A teacher recruitment crisis is looming. Pupil numbers are growing rapidly and schools are struggling to find applicants to fill vacancies. A rising sense of panic appears to be gripping the Department for Education. The more we hear ministerial denials, the more concern seems to grow. Even government spin doctors are having difficulty in ‘spinning away’ reality. For once, teacher union boss, Dr Mary Bousted, is on solid ground when she states: “The fact is that head teachers up and down the country can’t get teachers in the core subjects.”
Education Secretary, Nicky Morgan, has finally woken up to the need to do something. Her attempt to woo prospective teachers is, though, starkly at odds with the requirements of the job. She has told The Daily Telegraph that teachers “should not be expected to spend hours marking schoolwork or answer emails after 5pm.”
Whatever she may have heard elsewhere, most dedicated teachers would tell Ms Morgan that tea-time ‘clocking off’ simply does not fit with being an effective professional. Teaching is as far from being a 9 to 5 job as it is possibile to get. In many ways, it is more a way of life than a job. This can prove tough for some teachers, especially at the beginning of their careers, even if long holidays do provide some compensation.
Although most of us have attended school, few people outside the teaching profession understand what the job is really like. Secretaries of State and their ministerial team are no exception. They lack front line experience as surely as the defence ministry mandarins who determine the resources and rules of engagement for the remnants of our armed forces.

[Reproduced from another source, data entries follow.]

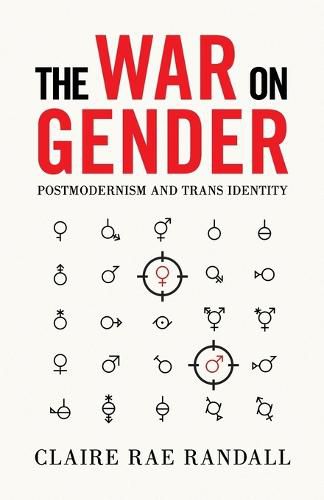 Cover image for The War on Gender: Postmodernism and Trans Identity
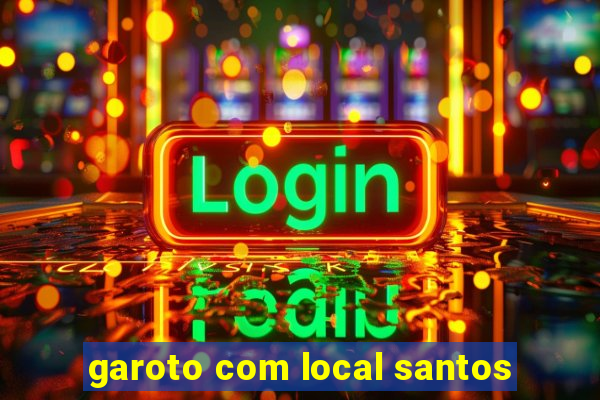 garoto com local santos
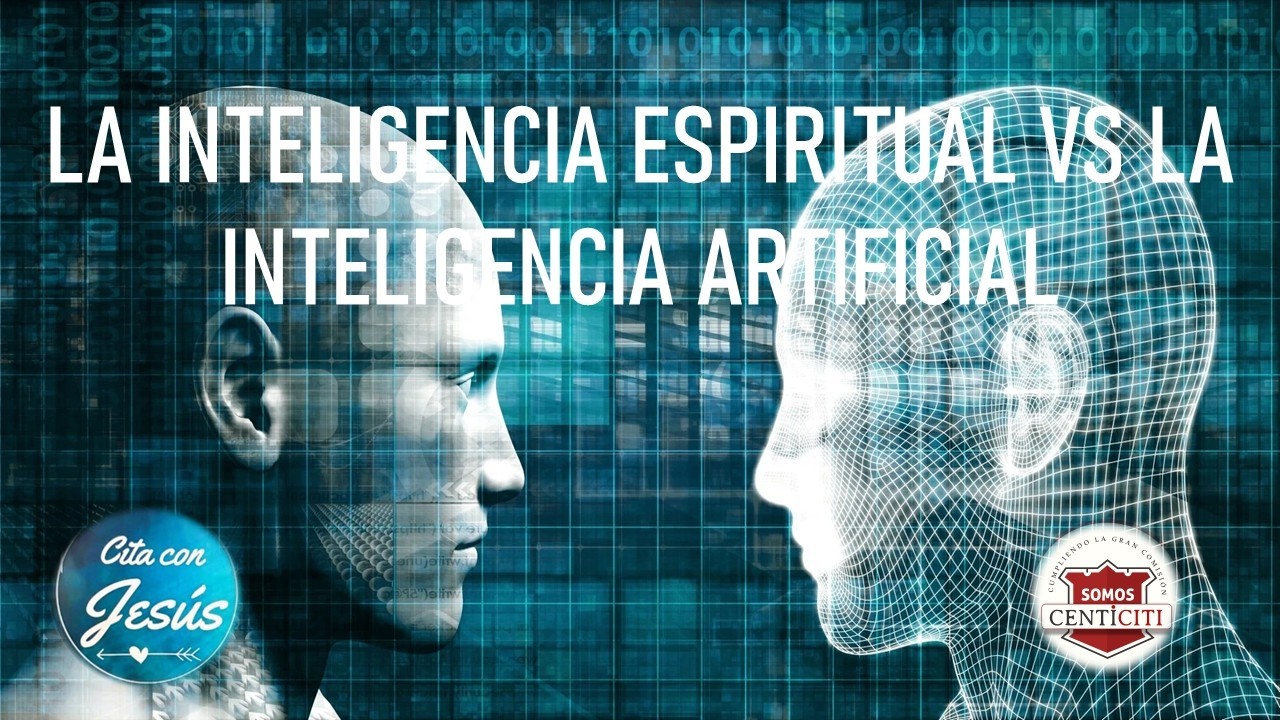CITA CON JESUS | O2 17 2026 | " LA INTELIGENCIA ESPIRITUAL VS LA ...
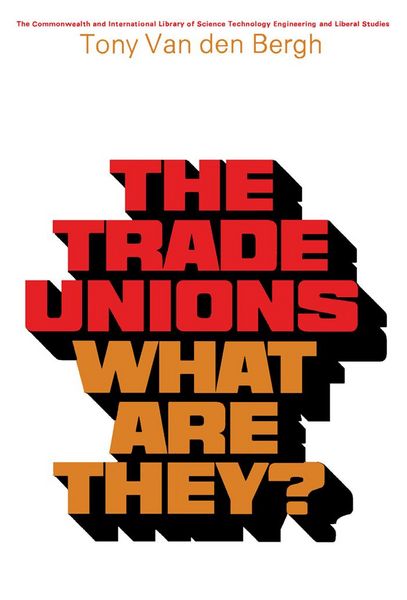 Produktbild: The Trade Unions-What Are They?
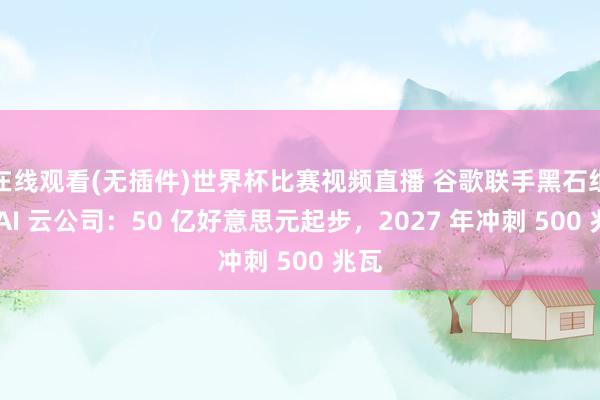 在线观看(无插件)世界杯比赛视频直播 谷歌联手黑石组建 AI 云公司：50 亿好意思元起步，2027 年冲刺 500 兆瓦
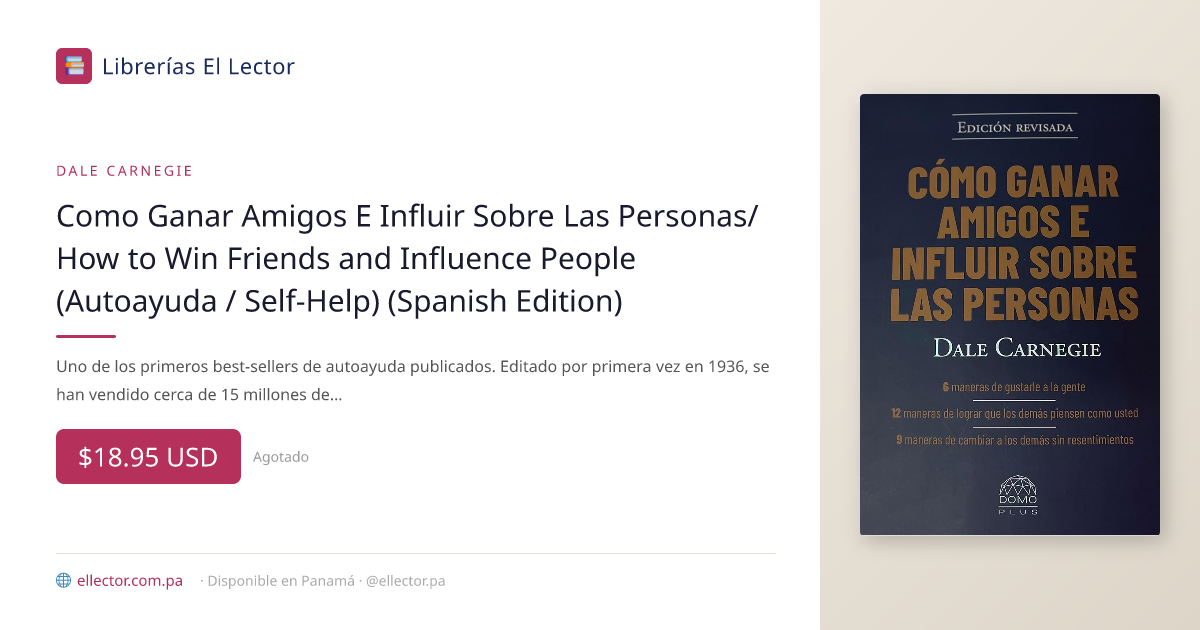 Como Ganar Amigos E Influir Sobre Las Personas/ How to Win Friends and ...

Rather like the synchronised swimmer, much of the energy expended by teachers goes unseen. Even pupils tend only to see the finished product – the classroom performance. The preparation and follow-up involved goes largely unseen. It was ever thus and ever will be. There are no short cuts to mastering subject content, planning how to teach it effectively to a range of abilities and, then, picking up the pieces for those pupils who fall behind while, at the same time, ensuring that the most able are suitably stretched. Alongside all of this there should be plays, concerts, sporting fixtures and so on to organise and run. And then, especially in maintained schools, there is the paperwork, the bureaucracy, the form filling and box ticking; much of it so unnecessary.

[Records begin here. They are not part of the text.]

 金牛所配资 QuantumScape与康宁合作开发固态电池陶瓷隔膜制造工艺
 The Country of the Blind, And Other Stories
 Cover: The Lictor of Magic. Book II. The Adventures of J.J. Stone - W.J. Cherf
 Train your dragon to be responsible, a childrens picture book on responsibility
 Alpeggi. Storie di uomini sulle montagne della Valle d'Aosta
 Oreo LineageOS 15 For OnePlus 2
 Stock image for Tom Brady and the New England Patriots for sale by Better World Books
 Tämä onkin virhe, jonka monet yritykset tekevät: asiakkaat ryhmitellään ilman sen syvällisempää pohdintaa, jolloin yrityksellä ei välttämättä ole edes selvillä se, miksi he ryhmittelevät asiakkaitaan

Ms Morgan will claim that she has consulted widely with teachers before giving her early ‘clock-off’ advice. If so, she has misunderstood the responses and the nature of the job. Teaching quality and pupil learning would collapse if her advice were to be followed.
On my university course leading to a Postgraduate Certificate in Education, we were inculcated with the still prevailing dogma that, largely, teachers are ‘made’ not ‘born’. Teacher trainers, of course, have a vested interest in promoting such a belief. It enhances the importance of what they do and gives government hope that the more it invests in such training the better will be the quality of teachers.
After teaching for 35 years in a range of schools from maintained comprehensives of 2000 pupils to small prep schools of 350 pupils, from deprived inner-city primaries where children arrived in Year 1 unable to speak, to privileged independent schools, I have learnt some important truths about effective teaching and great teachers. First of all, teaching is an ‘art’ not a ‘science’ and, secondly, great teachers are born not made. Training can help but it cannot ‘make’ a good teacher.
My experience has also taught me that teaching is the best and most rewarding job in the world – provided you are ‘cut out’ for it. More than a ‘job’, it is a vocation. Stressful and debilitating as it may be for some, it is energising for those who have been born to do it well. These are the people the government should be seeking to recruit, not the ones who wish to ‘clock off’ at 5 pm.